What makes a conscientious parent?

Almost every parent has a general idea of what they consider good parenting. And nowadays, there's lots of advice that supports nearly everyone's style and choices. So how do you make good choices when you're not sure which way to go? At BABC, we try to present parents with all sides of the issue, whether it's bottle vs formula, natural childbirth vs medication, spanking vs non-physical discipline vs nonpunitive parenting-- and there are so many variations in between these and other seeming opposites it would be difficult to list them all.

That's why we like to use the term "conscientious parenting"-- based on research that shows that conscientious people tend to live longest. We think conscientious parents raise the healthiest kids, no matter what choices they may make. Applying your thoughtful judgment to your parenting decisions will only help you make better ones. Conscientious people learn what their options are, and think about the possible outcomes and consequences of their choices before they act. They may make mistakes, but they're careful to address and fix them.
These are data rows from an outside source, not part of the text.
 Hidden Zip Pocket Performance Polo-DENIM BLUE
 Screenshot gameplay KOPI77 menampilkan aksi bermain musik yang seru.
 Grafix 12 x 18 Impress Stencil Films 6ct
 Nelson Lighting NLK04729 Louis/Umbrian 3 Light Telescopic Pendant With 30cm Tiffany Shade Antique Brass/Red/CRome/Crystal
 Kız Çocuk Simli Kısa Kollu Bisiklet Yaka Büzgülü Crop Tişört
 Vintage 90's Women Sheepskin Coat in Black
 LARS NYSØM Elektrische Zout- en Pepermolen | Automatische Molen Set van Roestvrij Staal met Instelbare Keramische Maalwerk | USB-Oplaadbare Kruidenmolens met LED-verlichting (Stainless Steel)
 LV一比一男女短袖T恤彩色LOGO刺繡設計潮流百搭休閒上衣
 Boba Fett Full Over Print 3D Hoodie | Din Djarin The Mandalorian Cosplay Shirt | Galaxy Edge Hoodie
They build trust and respect in their children because they're both honest and considerate, and expect the same in return. They're attentive parents, and they pass their problem-solving skills on to their children. These conscientious children can think for themselves, reason out good choices, and aren't afraid to talk to their parents about problems and decisions.

So give yourself time to be open minded about your decisions. Read, observe, and discuss-- whether guided by a parenting coach, a pediatrician, or your own parents; friends, or self-help books, or all of the above-- and pay attention to your child's feedback, whether it's spoken, behavioral or physiological. The more you practice, the better you'll get at tuning into your child's developing needs, skills and abilities. And the better your relationship will be.